A word-for-word copy of the listing is required, and it must contain no pictures.

Stored data ::
____________

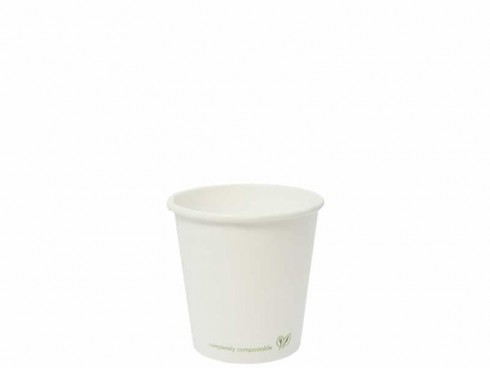 CUP HOT VEGWARE WHITE 4OZ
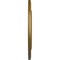 Ekena Millwork Jefferson Ceiling Medallion (Fits Canopies up to 5"), 26 1/2"OD x 3 5/8"ID x 1 1/2"P, Gold CM26JEGLS - alternate 2
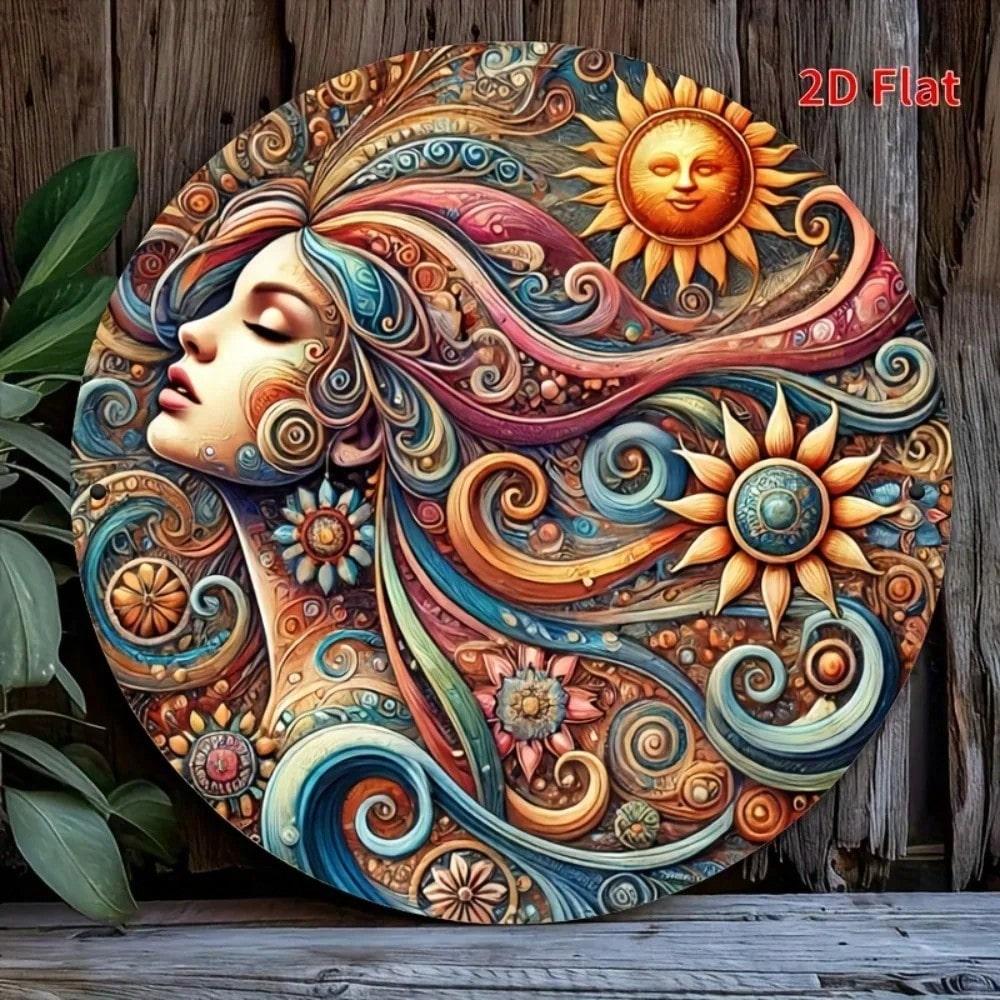2D Flat Metal Sign Wall Decor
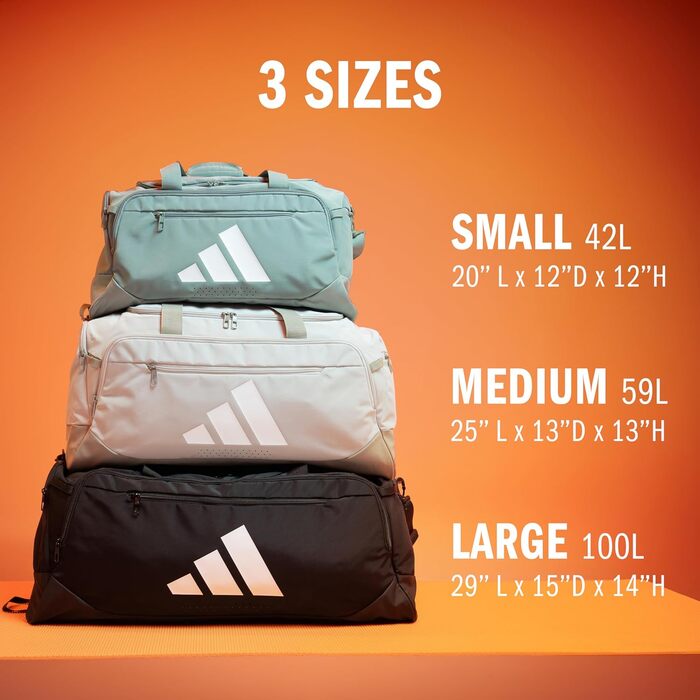 Сумка adidas Defender 5 FW24, спортивна, 100 л, універсальна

____________

Solved problem ::
 CUP HOT VEGWARE WHITE 4OZ
 Ekena Millwork Jefferson Ceiling Medallion (Fits Canopies up to 5"), 26 1/2"OD x 3 5/8"ID x 1 1/2"P, Gold CM26JEGLS - alternate 2
2D Flat Metal Sign Wall Decor
 Сумка adidas Defender 5 FW24, спортивна, 100 л, універсальна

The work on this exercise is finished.